The framework consists of several, highly customizable micro-services that work together seamlessly to form the SEPIA Open Assistant. It follows the client-server principle using a lightweight Java server and Elasticsearch DB as "brain" and a JavaScript based client that works for example as smart-speaker, smart-display or full-fledged digital assistant app.
All components work on Linux, Windows and Mac and have been optimized to even run smoothly on a Raspberry Pi.
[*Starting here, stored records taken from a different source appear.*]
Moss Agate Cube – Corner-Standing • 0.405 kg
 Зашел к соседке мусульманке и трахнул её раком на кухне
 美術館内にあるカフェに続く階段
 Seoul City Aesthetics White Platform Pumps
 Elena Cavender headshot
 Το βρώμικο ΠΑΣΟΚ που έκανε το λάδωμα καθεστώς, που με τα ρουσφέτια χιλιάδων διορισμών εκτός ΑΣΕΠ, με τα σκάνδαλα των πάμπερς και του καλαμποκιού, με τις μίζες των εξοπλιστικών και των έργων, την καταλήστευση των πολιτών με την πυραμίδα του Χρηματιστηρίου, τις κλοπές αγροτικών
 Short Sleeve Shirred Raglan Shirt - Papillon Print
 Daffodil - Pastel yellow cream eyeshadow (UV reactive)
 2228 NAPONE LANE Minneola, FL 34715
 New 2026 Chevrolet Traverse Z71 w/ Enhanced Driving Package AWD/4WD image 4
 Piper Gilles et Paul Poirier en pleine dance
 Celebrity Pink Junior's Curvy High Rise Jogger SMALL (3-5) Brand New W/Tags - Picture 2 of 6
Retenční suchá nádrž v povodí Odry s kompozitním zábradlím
Out-of-the-box SEPIA currently has smart-services for: news, music (radio), timers, alarms, reminders, to-do and shopping lists, smart home (e.g. using open-source tools like openHAB), navigation, places, weather, Wikipedia, web-search, soccer-results (Bundesliga), a bit of small-talk and more. To build custom services there is a Java SDK and a code editor integrated into the SEPIA Control HUB web-app. The client can be extended with custom HTML widgets.[1]
Components
Some of the core SEPIA framework components:
- SEPIA Assist-Server - The "brain" of SEPIA responsible for: user-accounts, database integration, NLU, dialog-management, open-source TTS, smart-services (weather, navigation, alarms, news etc.), remote actions and more[2].
- SEPIA Chat-Server - A WebSocket based Chat-Server that takes care of real-time, asynchronous user-to-user and user-to-assistant communication[3].
- SEPIA Cross-Platform Client - The primary SEPIA client based on HTML5 web technology that runs on all modern browsers (mobile and desktop) and communicates with other SEPIA components via HTTP or WebSocket connections[4]. It supports headless- and kiosk-mode via CLEXI server to build independent smart-speaker or smart-display like devices[5]. The client is available as Android app as well via Play Store or direct download.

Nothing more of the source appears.